The higher income Kumeah has earned from fair trade cocoa sales has enabled her to send her own five children to secondary school, she said. Though education is free in Ghana, parents must pay for books and lodging, Tranchell said.

Still, there’s plenty of room for improvement even for members of Kuapa Kokoo, Divine says. Fair trade makes up only a small portion of the co-op’s total sales; the rest of the farmers’ crop is sold at the fluctuating market price.

Besides Divine, 33 other companies sell fair-trade cocoa products in the U.S., according to TransFair USA, which certifies fair-trade products.

Chocolate's wide reach
Mainstream chocolate companies say they too have been working to better the lives of cocoa farmers. That includes efforts to improve the economic return to cocoa farmers, increase access to quality education and ensure that cocoa is grown according to international labor standards, said Susan Snyder Smith, a spokeswoman for the Chocolate Manufacturers Association.

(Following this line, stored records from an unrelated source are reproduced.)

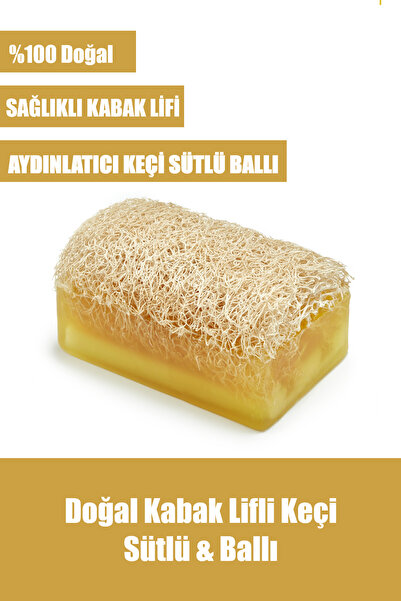 Seram Collection Doğal Kabak Lifli Ballı Keçi Sütlü Sabun %100 Doğal Sabun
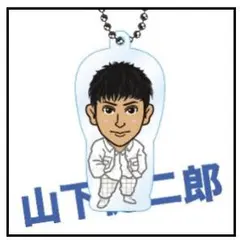 新品 山下健二郎 アクリルチャーム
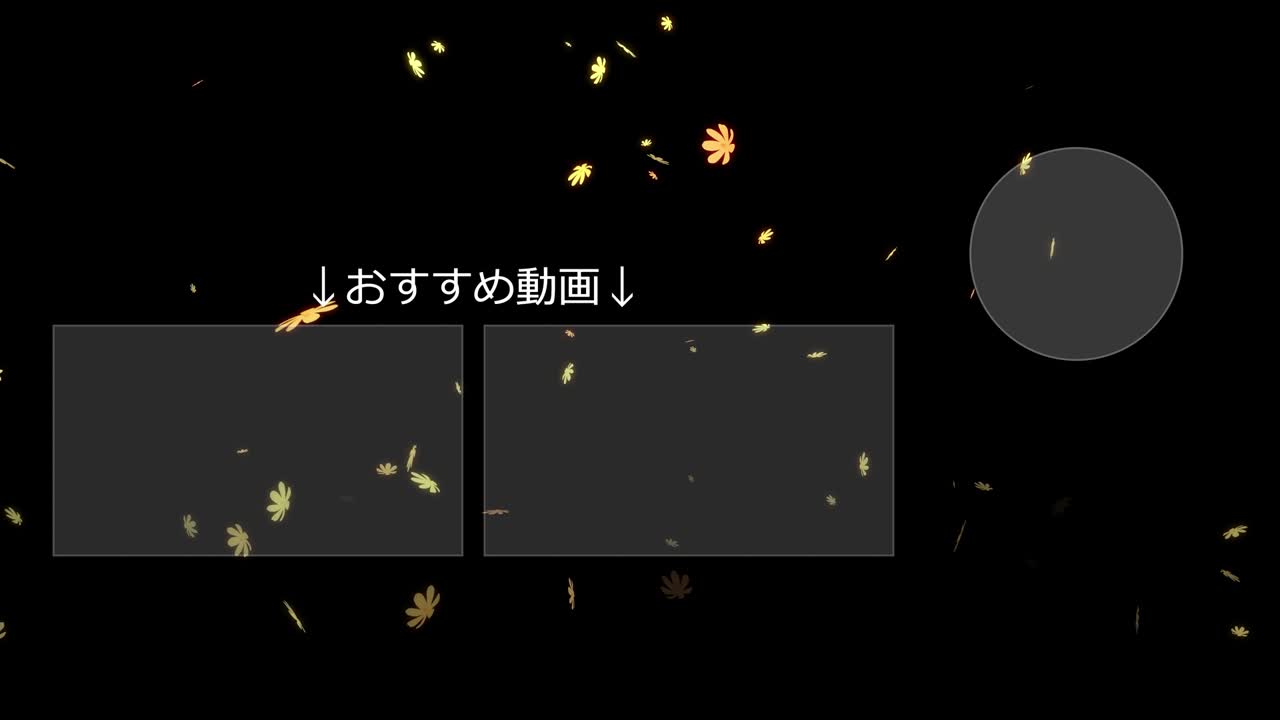 코스모스 꽃 입자 일본어 엔드 카드 모션 그래픽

Divine Chocolate in Britain had revenue of about 9 million pounds, or $17.6 million, last year, up from 7.7 million pounds in 2005, and expects to return its first dividend to the farmers, Tranchell said. The chocolate is available in all of Britain’s major supermarket chains, including Asda, a discount chain owned by Wal-Mart Stores Inc., she said.

Erin Gorman, chief executive of Divine in the United States, said she hopes the U.S.-based company can achieve a similar reach. Right now the chocolate is available in the U.S. through fair-trade Web sites and specialty stores around the country.

“We’re hoping that people who like chocolate and who like our story will ... ask for the chocolate when they’re shopping at mainstream supermarkets,” she said.